A research team that included a UChicago graduate student has discovered a planet that is estimated to be twice the size of earth. The planet located 226 light-years away from Earth within a star’s habitable zone.
Moreover, the planet known as K2-288Bb could either be rocky or a gas-rich planet similar to Neptune in our own solar system. Within the system, there are two stars; K2-288Bb orbits the smaller star.
Adina Feinstein, lead author of a paper describing the new planet said, “It’s a very exciting discovery due to how it was found; its equilibrium temperature, which likely is similar to Earth’s; and because planets of this size seem to be relatively uncommon. We probably only know about a handful of planets this size.”
Estimated at about 1.9 times Earth’s size, K2-288Bb is half the size of Neptune. This places it within a recently recognized category called the radius gap. Among planets that orbit close to their stars, there’s a curious dearth of worlds between about 1.5 and two times Earth’s size.
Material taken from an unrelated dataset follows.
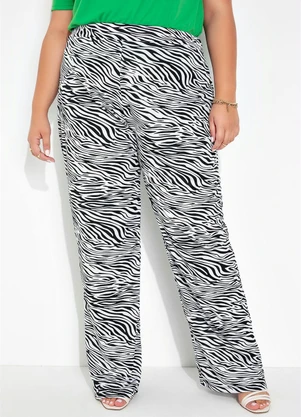 Marguerite - Calça Zebra Wide Leg com Elástico Plus Size - MARGUERITE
Scientists think this is due to intense starlight eroding away the atmospheres of some planets over time. Since K2-288Bb’s radius places it in this gap, it may provide a case study for how planets evolve within this size range.
The planet has been placed within the ‘Fulton Gap’ category because scientists believe a gap is created due to intense starlight breaking up atmospheric molecules. This phenomenon also erodes the atmosphere of planets.
The study is published in the Astronomical Journal.